Balanced Sinkhorn from the Python Optimal Transport Library

The Optimal Transport problem aims at minimizing the transport cost between a source distribution (the predictions) and a target distribution [Kan58, Mon81, Vil09]. This particular problem solves a regularization of the original problem with Sinkhorn’s algorithm, well suited for GPU parallelization [Cut13, PeyreC+19]. In the limit of reg (or reg_dimless) to 0, this becomes the Hungarian algorithm. We refer to Proposition 1 of [DPDPS+23] for further information. By consequence, this matching can be seen as a regularized version of the Hungarian one.

We consider the matching cost \(\mathcal{L}_{\text{match}}\) = cls_match_module + loc_match_module between the \(N_p\) predictions \(\hat{\mathbf{y}}_i\) and \(N_t\) targets \(\mathbf{y}_j\). In particular, the cost of the background \(\mathbf{y}_{N_t+1} = \varnothing\) is given by \(\mathcal{L}_{\text{match}}\left(\hat{\mathbf{y}}_i, \varnothing\right)\) = bg_cost.

For each element in the batch, the following problem is solved and the match \(\mathbf{P}\) is retrieved.

\begin{align} N_p * \underset{\mathbf{P}\in \mathbb{R}^{N_p \times N_t+1}}{\mathrm{arg\,min}} &\sum_{i,j=1}^{N_p,N_t+1} P_{i,j}\mathcal{L}_{\text{match}}\left(\hat{\mathbf{y}}_i, \mathbf{y}_j\right) - \mathtt{reg} * \,\mathrm{H}(\mathbf{P}), &\\ \mathrm{s.t.} & \sum_{j=1}^{N_t+1} P_{i,j} = 1/N_p, & \forall\; 0 \leq i \leq N_p \;\text{(predictions)},\\ & \sum_{i=1}^{N_p} P_{i,j} = 1/N_p, & \forall\; 0 \leq j \leq N_t \;\text{(targets)},\\ & \sum_{i=1}^{N_p} P_{i,j} = (N_p - N_t)/N_p, & j = N_t+1\;\text{(background)}. \end{align}

with \(\mathrm{H}: \Delta^{N \times M} \rightarrow \mathbb{R}_{\geq 0} : \mathbf{P} \mapsto -\sum_{i,j} P_{i,j}(\log(P_{i,j})-1)\) the entropy of the match \(\mathbf{P}\), with \(0 \ln(0) = 0\) by definition.

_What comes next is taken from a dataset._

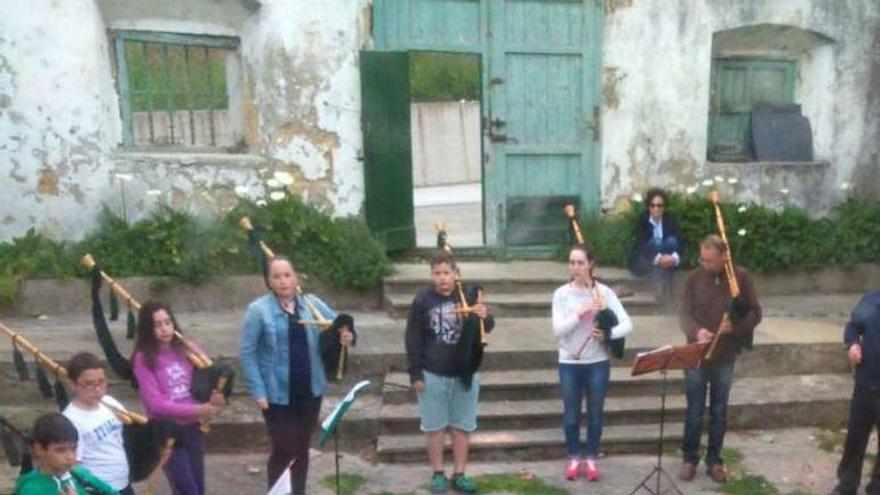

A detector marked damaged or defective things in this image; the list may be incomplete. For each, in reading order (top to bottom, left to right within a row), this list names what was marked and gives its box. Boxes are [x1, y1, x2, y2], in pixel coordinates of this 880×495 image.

peeling paint wall [0, 0, 372, 241]
peeling paint wall [600, 0, 876, 213]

In the particular case where no background is used, the problem remains the same but the last column of \(\mathbf{P}\) is just unnused.

Warning

If the formulation converges to the Hungarian algorithm in the limit of reg (or reg_dimless) to 0, it becomes more and more unstable if solved using Sinkhorn’s algorithm. We encourage to use uotod.match.Hungarian if no regularization at all is explicitly seeked, at the cost of loosing parallelization.

Class

class uotod.match.BalancedPOT(**kwargs)

available_methods = ['sinkhorn', 'greenkorn', 'sinkhorn_log', 'sinkhorn_stabilized', 'sinkhorn_epsilon_scaling']

compute_cost_matrix(input: Dict[str, Tensor] | List[Dict[str, Tensor]], target: Dict[str, Tensor] | List[Dict[str, Tensor]], anchors: Tensor | None = None) → Tensor

Computes a batch of cost matrices between the predicted and target boxes.

Parameters:

input (dictionary) – Input containing the predicted logits and boxes. “pred_logits”: Tensor of shape (batch_size, num_pred, num_classes). “pred_boxes”: Tensor of shape (batch_size, num_pred, 4), where the last dimension is (x1, y1, x2, y2).
target (dictionary) – Target containing the target classes, boxes and mask. “labels”: Tensor of shape (batch_size, num_targets). “boxes”: Tensor of shape (batch_size, num_targets, 4), where the last dimension is (x1, y1, x2, y2). “mask”: Tensor of shape (batch_size, num_targets).
anchors (Tensor) – the anchors used to compute the predicted boxes. (batch_size, num_pred, 4), where the last dimension is (x1, y1, x2, y2).
background (bool, optional) – Indicated whether the background has to be added.

Returns:

the matching between the predicted and target boxes: Tensor of shape (batch_size, num_pred, num_targets + 1) or (batch_size, num_pred, num_targets) if background is False.

Return type:

Tensor (float)

compute_matching(cost_matrix: Tensor, target_mask: Tensor) → Tensor

Computes the matching between the predicted and target boxes. The optimal transport problem is solved using the Sinkhorn algorithm. :param cost_matrix: the cost matrix. Tensor of shape (batch_size, num_pred, num_tgt + 1). :param target_mask: the target mask. Tensor of shape (batch_size, num_tgt). :return: the matching. Tensor of shape (batch_size, num_pred, num_tgt + 1). The last entry of the last dimension is the background.

Computes the matching.

Parameters:

cost_matrix (Tensor) – Cost matrix of shape (batch_size, num_pred, num_targets + 1).
target_mask (BoolTensor, optional) – Target mask of shape (batch_size, num_targets).

Returns:

The matching \(\mathbf{P}\) for each element of the batch. Tensor of shape (batch_size, num_pred, num_targets + 1). The last entry of the last dimension [:, :, num_target+1] is the background.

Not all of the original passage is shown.